Can legitimate interest cover all B2B outreach in the EU?
No. Legitimate interest covers the GDPR data processing basis in most EU member states. The ePrivacy layer - which governs the act of sending - varies nationally. Germany requires consent under UWG §7(2) Nr. 3 for most B2B cold email to named individuals regardless of the GDPR basis. Within NL and UK corporate subscribers, legitimate interest is the standard basis for B2B cold outreach.
What happens when a prospect invokes Article 21?
Processing for direct marketing must stop immediately - no exceptions. Stop means durable suppression: across all senders, all sequences, and all future data provider re-imports. Logging a 'do not contact' note in a sequence tool is not sufficient if that note doesn't survive a quarterly data refresh.
How specific does the LIA need to be?
Specific enough that a different processing activity would require a different document. An LIA for outreach to procurement directors at Dutch logistics BVs for a supply chain product doesn't extend to a different sector, geography, role type, or product. When your motion changes meaningfully, rewrite the LIA.
Can I rely on legitimate interest for a list I purchased?

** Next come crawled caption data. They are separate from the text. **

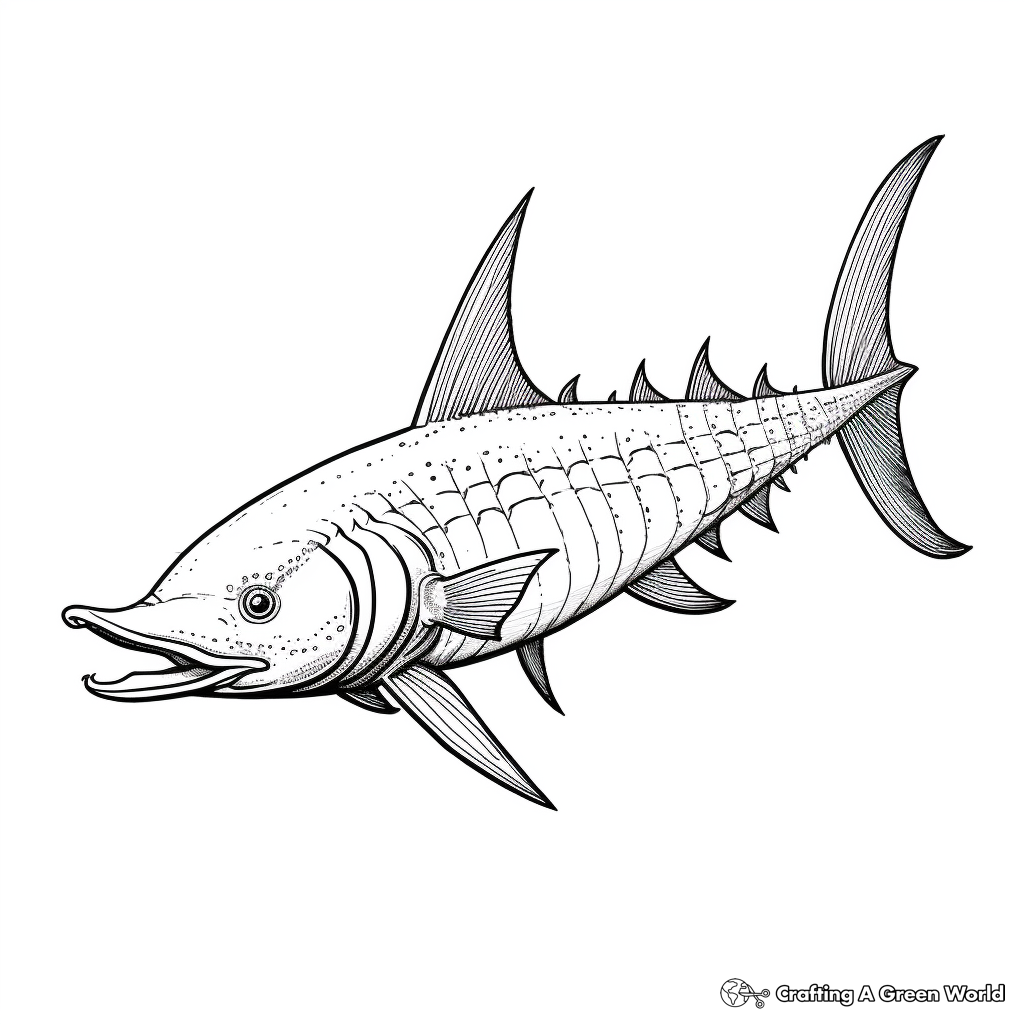 Detailed Swordfish Coloring Pages for Adults 1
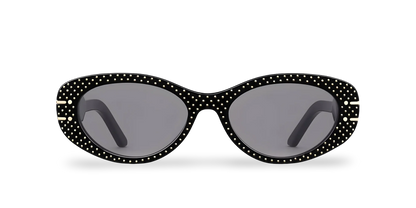 Dior Occhiali Da Sole Ovali Neri Con Borchie oro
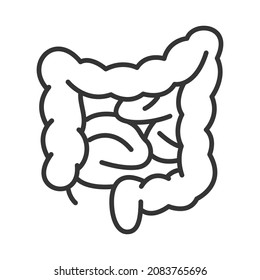 Human Stomach Bowel Line Icon Vector Illustration. Monochrome Logo Digestive Tract, Intestines, Gastrointestinal Health Linear Symbol Isolated On White. Anatomical Organ, Medical Simple Scheme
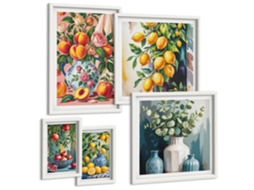 Quadros Decorativos Para Parede Limões, Laranjas, Amalfi Moldura Branca Imagens Para Um Quarto Infantil Espelharte (conjunto De 5 Imagens)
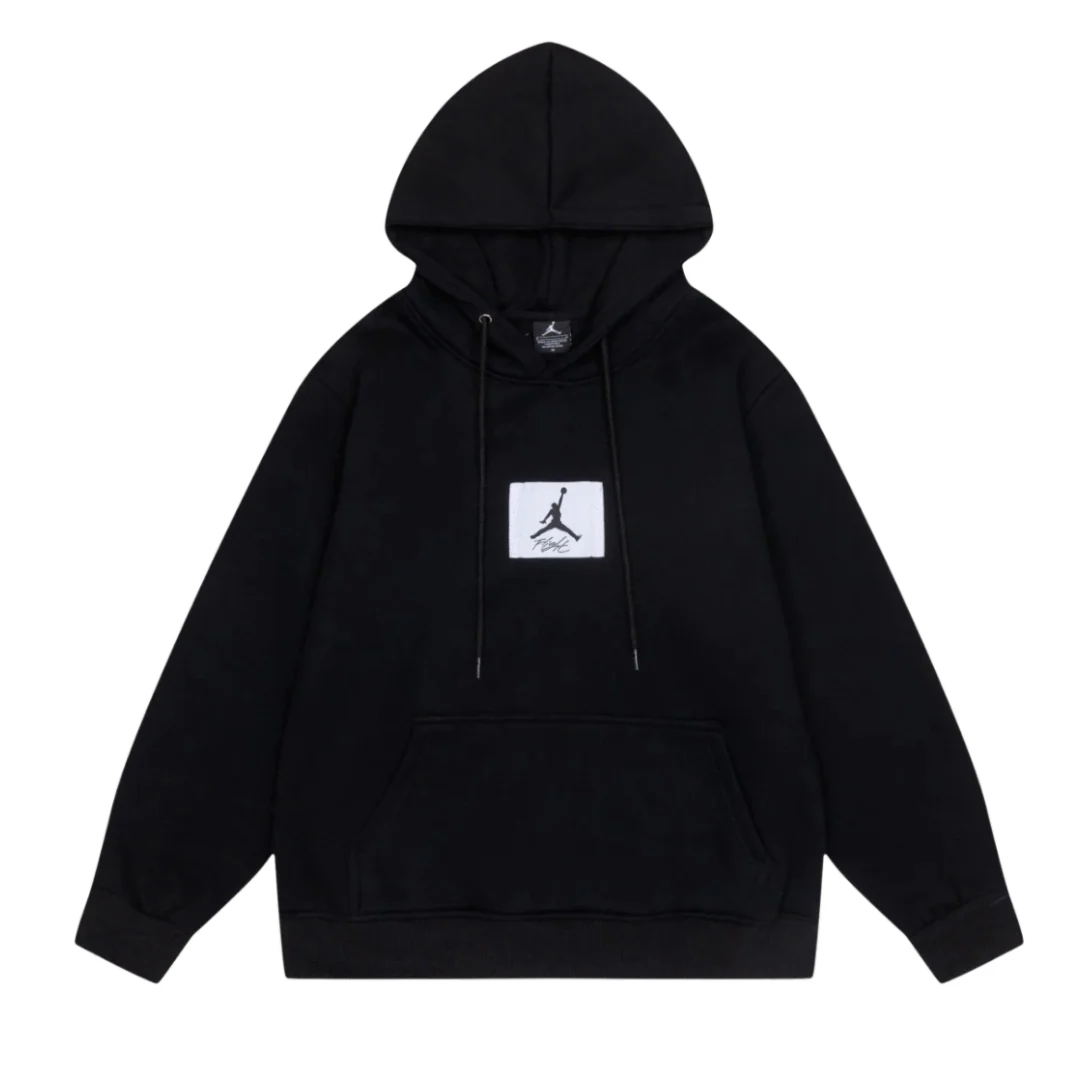 Jordan White Icon Hoodie Black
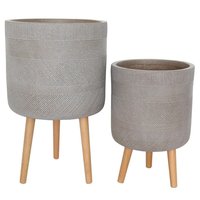 Set de 2 macetas de arcilla taupe con patas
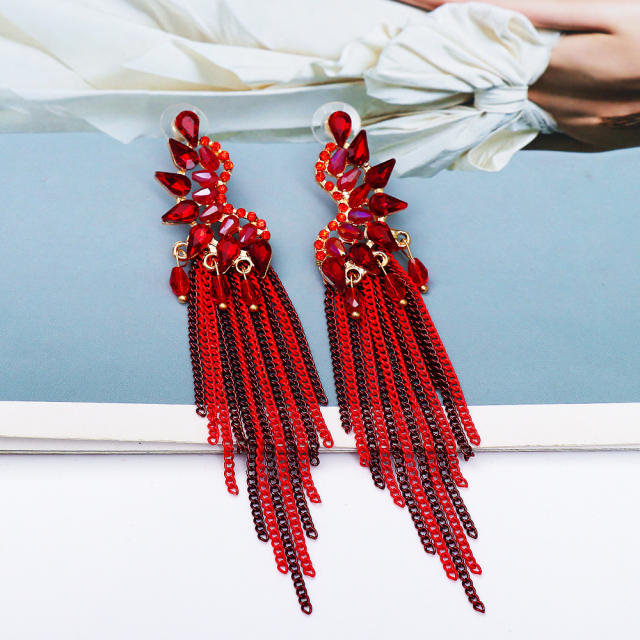 Geometric red color glass crystal chain tassel earrings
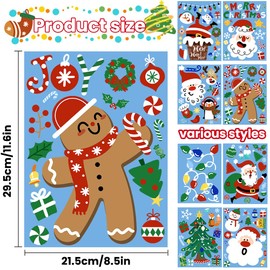 Heirloom Haven 8 Sheets Christmas Window Clings Stickers, Double Side Santa Xmas Tree Gingerbread Man Window Decals Winter Window Stickers Decorations for Home Office School Glass Window Decorations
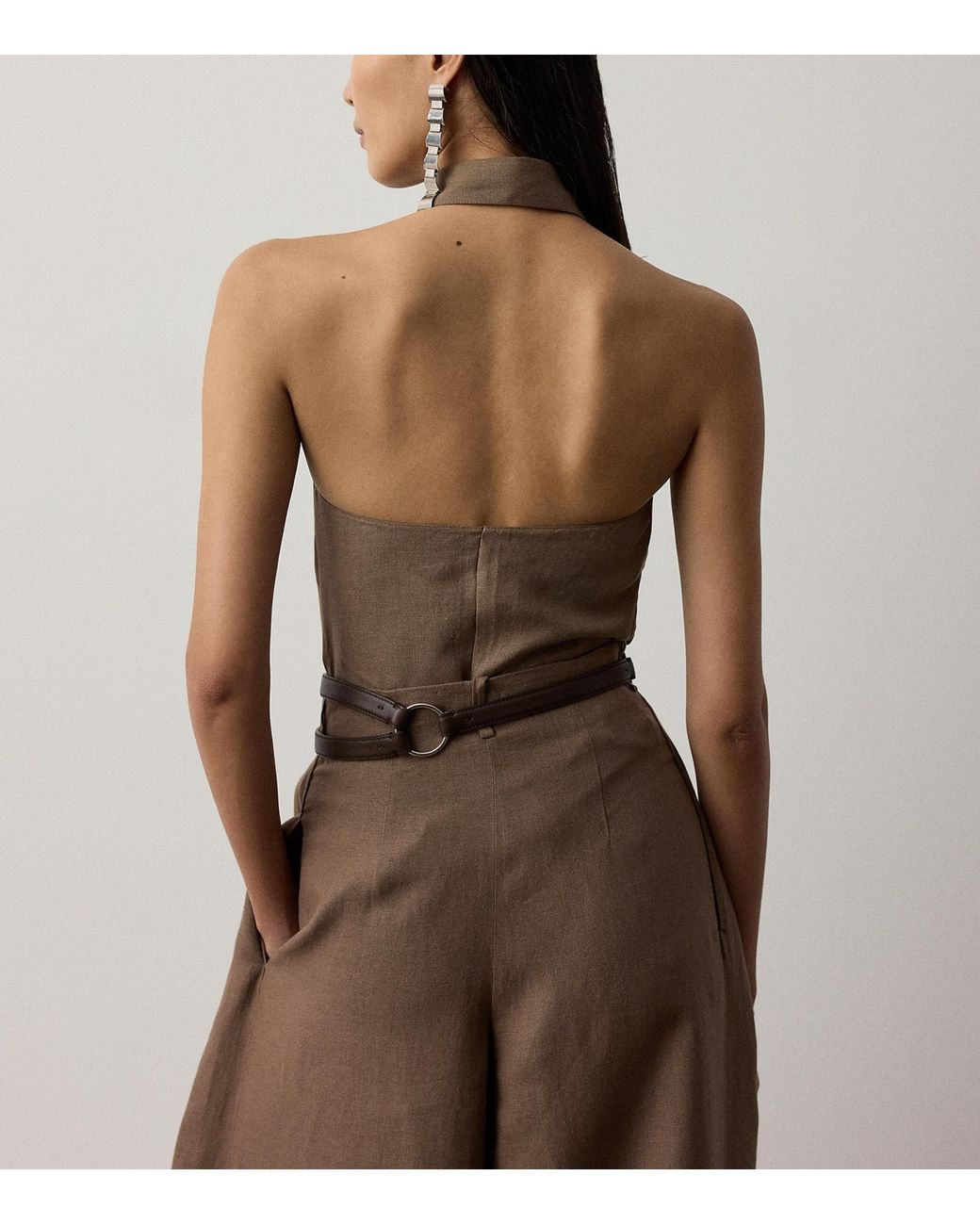 Ralph Lauren Brown Linen Eldred Sleeveless Top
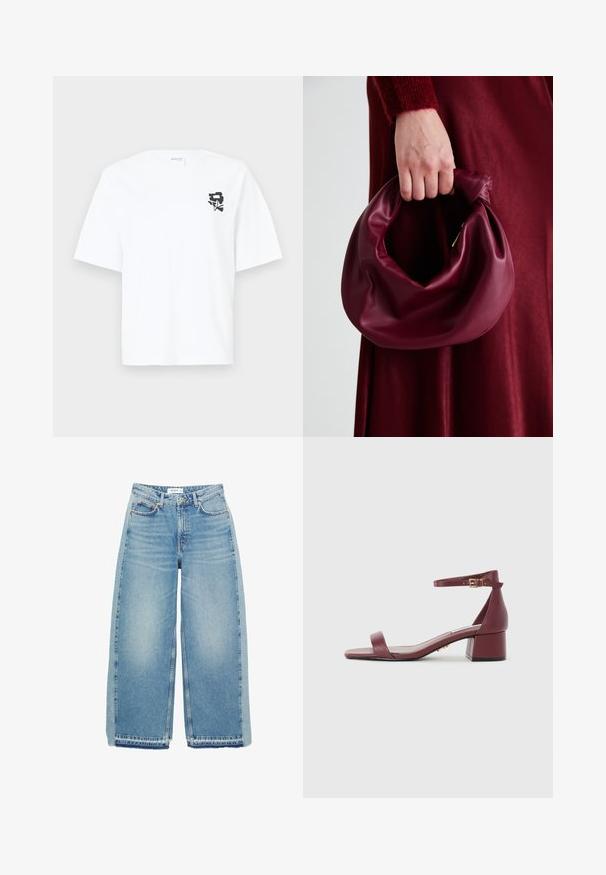 Weißes Kurzarm-T-Shirt aus Baumwolle, mit einem schwarzen grafischen Design auf der linken Brustseite, runden Halsausschnitt und bequemer Passform.; Helleblaue, weit geschnittene Jeans aus Denim, mit hoher Taille, Knopfverschluss, Vordertaschen und rohem Saum.; Burgunderfarbene Leder-Sandale mit quadratischer Spitze, dünnem Knöchelriemen, goldenen Beschlägen und einem klobigen Blockabsatz. Glatte Textur und minimales Design.; Burgunderleder-Handtasche mit einem weichen, gerafften Design und einer gerundeten Form. Der Griff ist gesichert und zeigt eine glatte Textur.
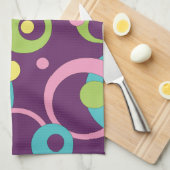 Torchon de cuisine Cercles Violets Funky (Quart Plié)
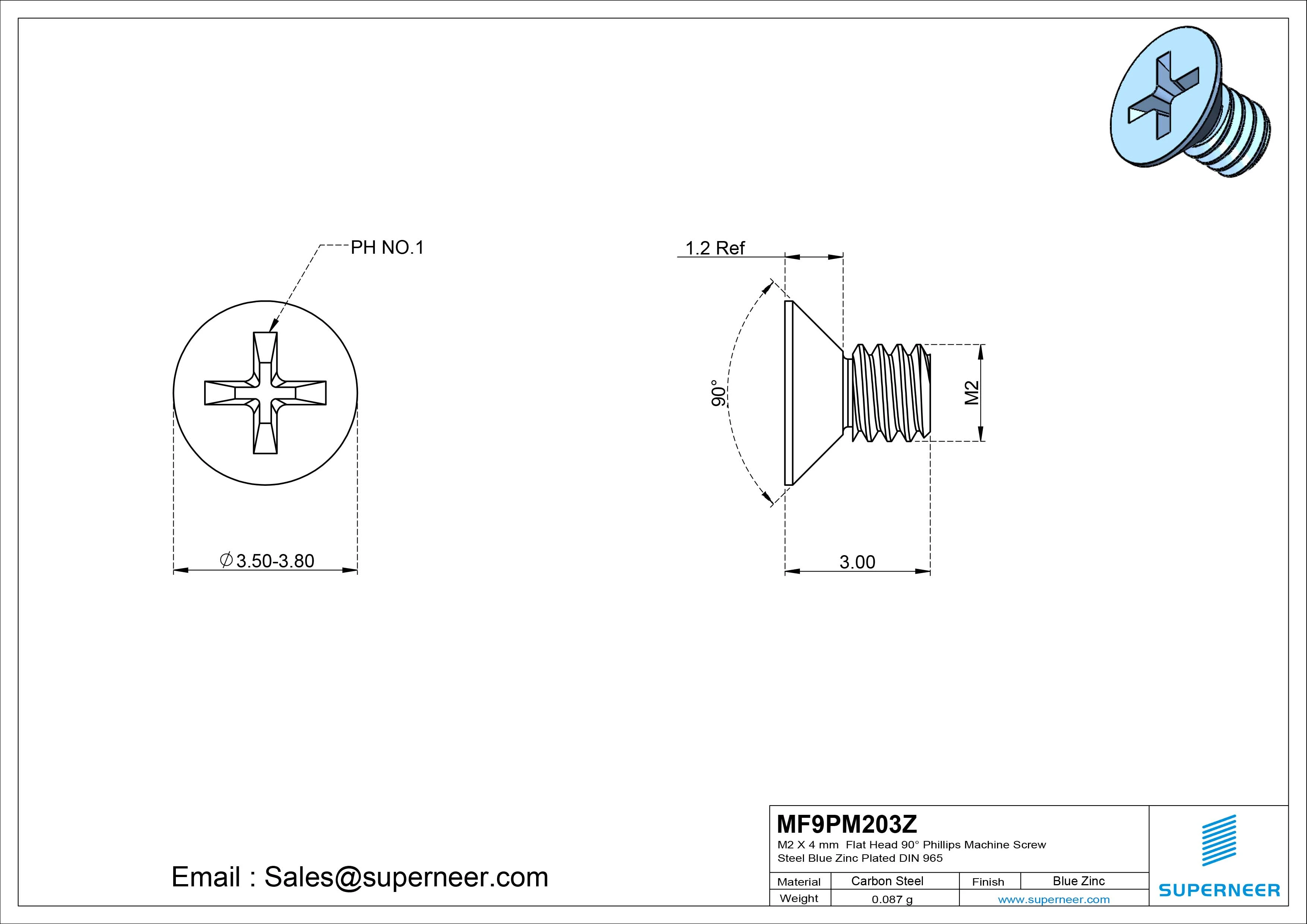 M2 x 3 mm Flat Head 90&deg; Phillips Machine Screw Steel Blue Zinc Plated DIN 965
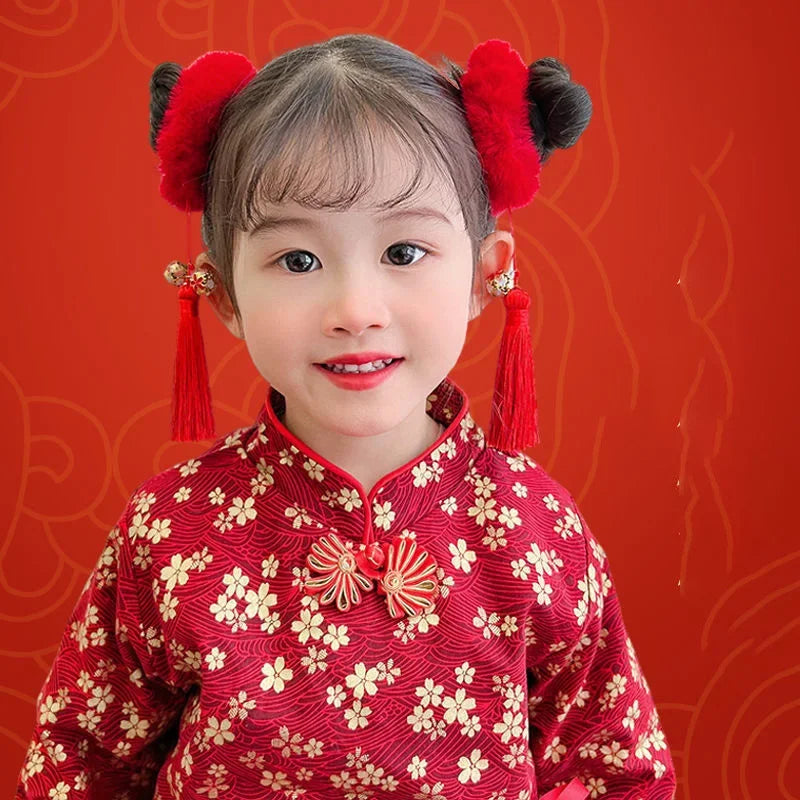 Traditionelle rote Quasten Haar Schlaufen – 2 Stück Polyester für Mädchen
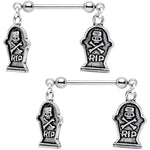 Handcrafted Halloween Gravestone Dangle Barbell Nipple Ring Set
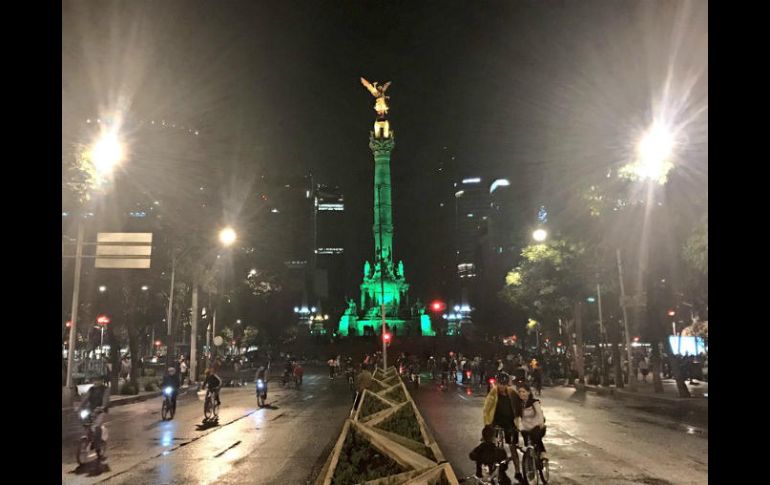 Entre los lugares más representativos destacaron el Ángel de la Independencia. TWITTER / @GobCDMX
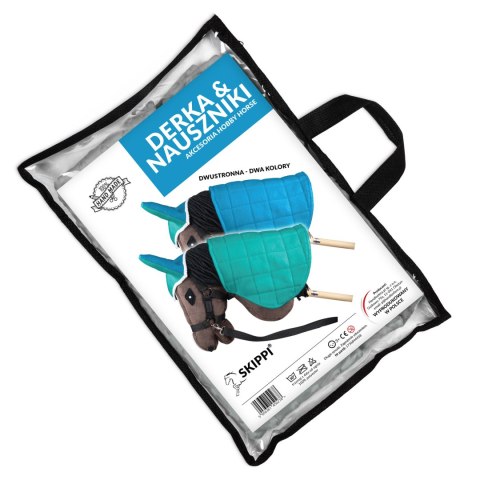 Zestaw Skippi - Hobby Horse Gniady - Derka i nauszniki - mięta i niebieski Zestaw Skippi - Hobby Horse Gniady - Derka i nauszniki - mięta i niebieski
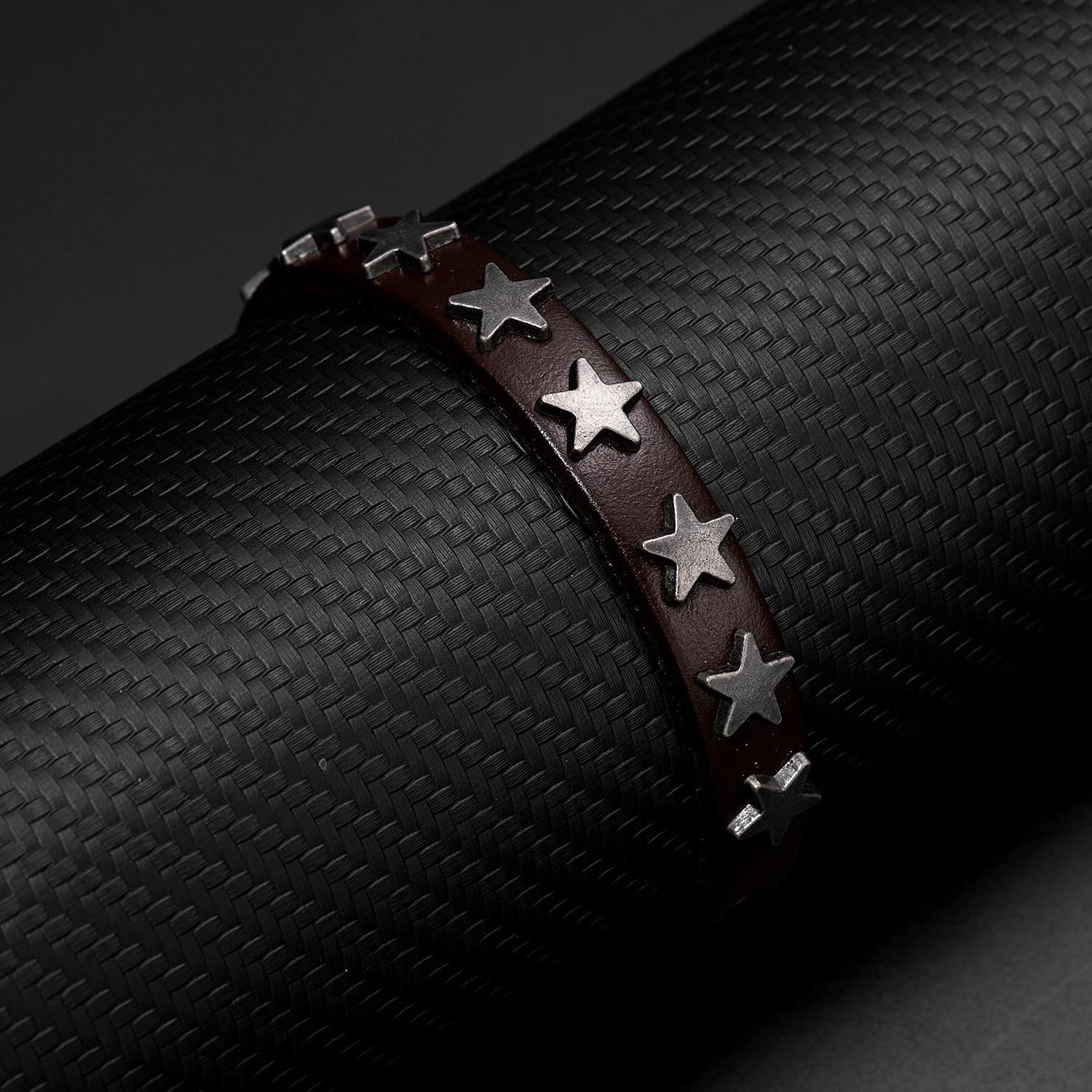 20g Weight Bangle Classification 1 Piece Quantity Daily, Street Occasion Pu Leather Material Star Pattern Men's Gender Punk, Simple Style Style Punk Simple Style Star Pu Leather Men's Bangle Men Cord & Leather Bracelets 1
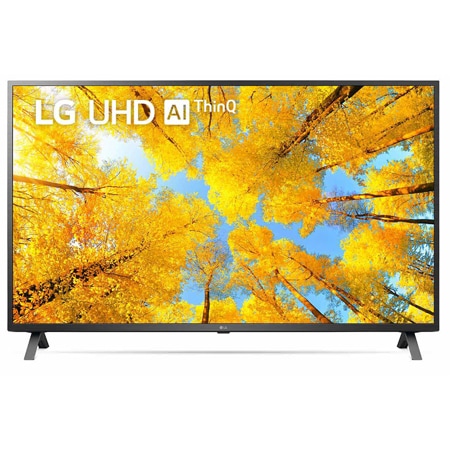 Vista frontal del televisor LG Full HD con una imagen de relleno y el logotipo del producto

If the list came from a compliant provider with their own Article 6 basis and you can trace the lineage per contact, legitimate interest is available for your use. If the provider can't show when and how each record was collected, the chain of basis is broken - and your LIA won't hold even if it's well-written.
Is this legal advice?
No. This is operator guidance based on GDPR text, EDPB guidance, and published enforcement decisions. Your specific LIA should be reviewed by a DPO or specialist counsel before scaling.
This page is plain-language guidance and not legal advice. Your specific motion should be reviewed by a qualified DPO or specialist counsel before scaling.